From the entries below, copy exactly the lines from the one that contains "Graflsoa Smart Curtain" through the one that contains "A.L.C. Carter Intarsia", both included, and only those.

# Input for this task
● ● ● ● ●

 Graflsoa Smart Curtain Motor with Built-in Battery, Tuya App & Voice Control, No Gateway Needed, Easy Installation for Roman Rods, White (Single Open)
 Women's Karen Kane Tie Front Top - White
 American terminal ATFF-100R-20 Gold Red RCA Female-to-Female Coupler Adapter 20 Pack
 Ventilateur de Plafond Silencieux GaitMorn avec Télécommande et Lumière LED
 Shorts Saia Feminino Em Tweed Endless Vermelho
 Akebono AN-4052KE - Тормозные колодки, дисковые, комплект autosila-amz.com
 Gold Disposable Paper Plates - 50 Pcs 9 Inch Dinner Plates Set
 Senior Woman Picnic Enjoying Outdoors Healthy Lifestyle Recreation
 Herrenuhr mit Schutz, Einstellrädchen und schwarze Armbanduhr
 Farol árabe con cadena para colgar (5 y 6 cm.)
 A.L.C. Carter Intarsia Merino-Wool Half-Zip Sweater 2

● ● ● ● ●

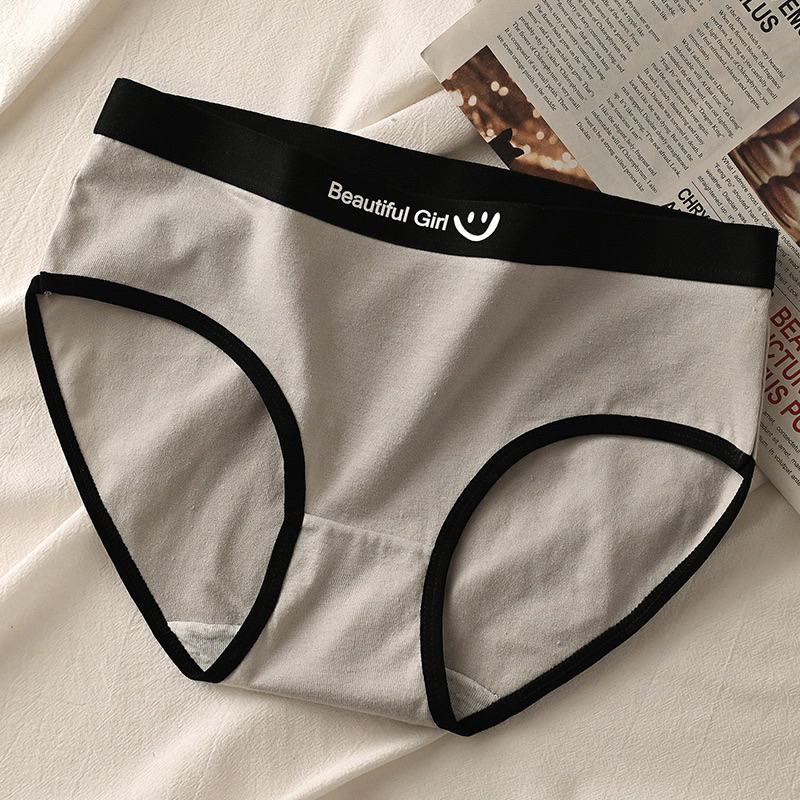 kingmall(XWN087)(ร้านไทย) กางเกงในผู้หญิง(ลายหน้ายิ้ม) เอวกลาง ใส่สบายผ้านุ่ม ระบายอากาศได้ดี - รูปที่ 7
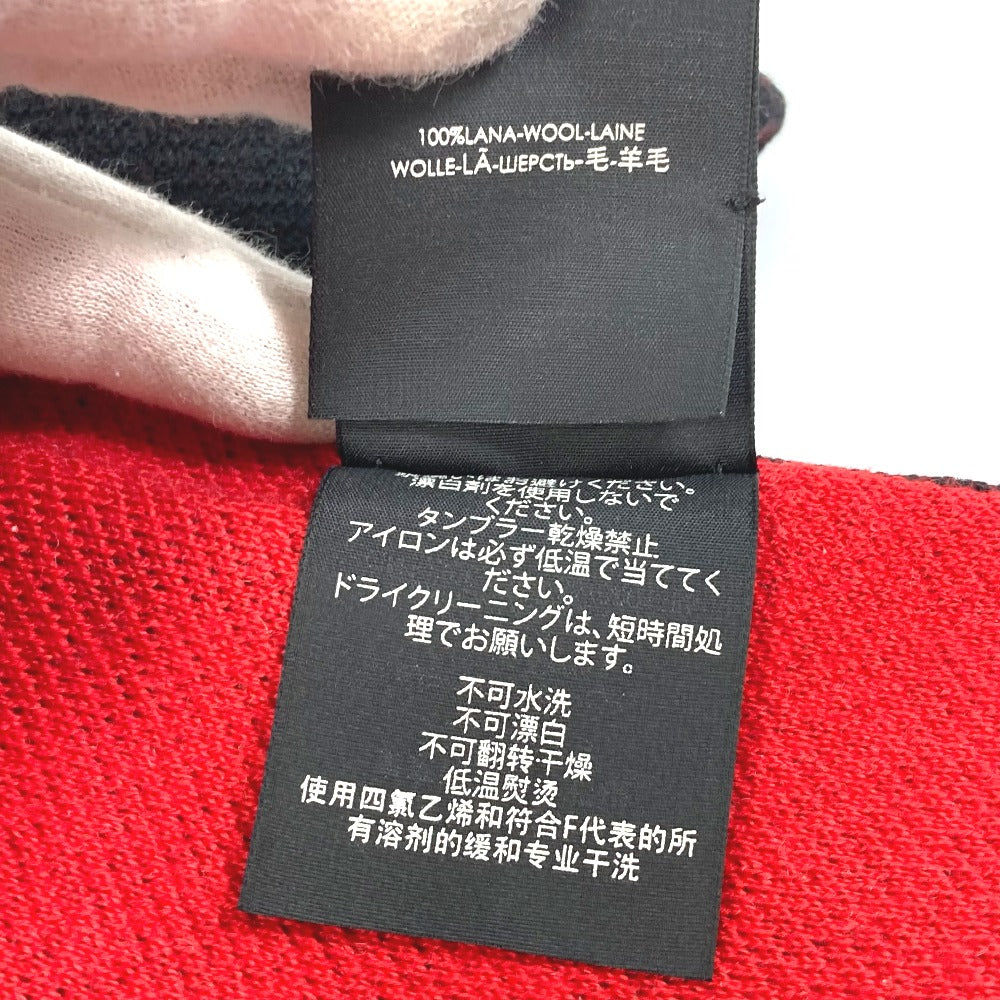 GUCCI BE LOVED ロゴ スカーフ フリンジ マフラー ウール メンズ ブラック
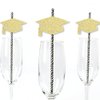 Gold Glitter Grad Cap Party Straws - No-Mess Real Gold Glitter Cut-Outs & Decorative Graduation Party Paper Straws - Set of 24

● ● ● ● ●

# Task solution
 Graflsoa Smart Curtain Motor with Built-in Battery, Tuya App & Voice Control, No Gateway Needed, Easy Installation for Roman Rods, White (Single Open)
 Women's Karen Kane Tie Front Top - White
 American terminal ATFF-100R-20 Gold Red RCA Female-to-Female Coupler Adapter 20 Pack
 Ventilateur de Plafond Silencieux GaitMorn avec Télécommande et Lumière LED
 Shorts Saia Feminino Em Tweed Endless Vermelho
 Akebono AN-4052KE - Тормозные колодки, дисковые, комплект autosila-amz.com
 Gold Disposable Paper Plates - 50 Pcs 9 Inch Dinner Plates Set
 Senior Woman Picnic Enjoying Outdoors Healthy Lifestyle Recreation
 Herrenuhr mit Schutz, Einstellrädchen und schwarze Armbanduhr
 Farol árabe con cadena para colgar (5 y 6 cm.)
 A.L.C. Carter Intarsia Merino-Wool Half-Zip Sweater 2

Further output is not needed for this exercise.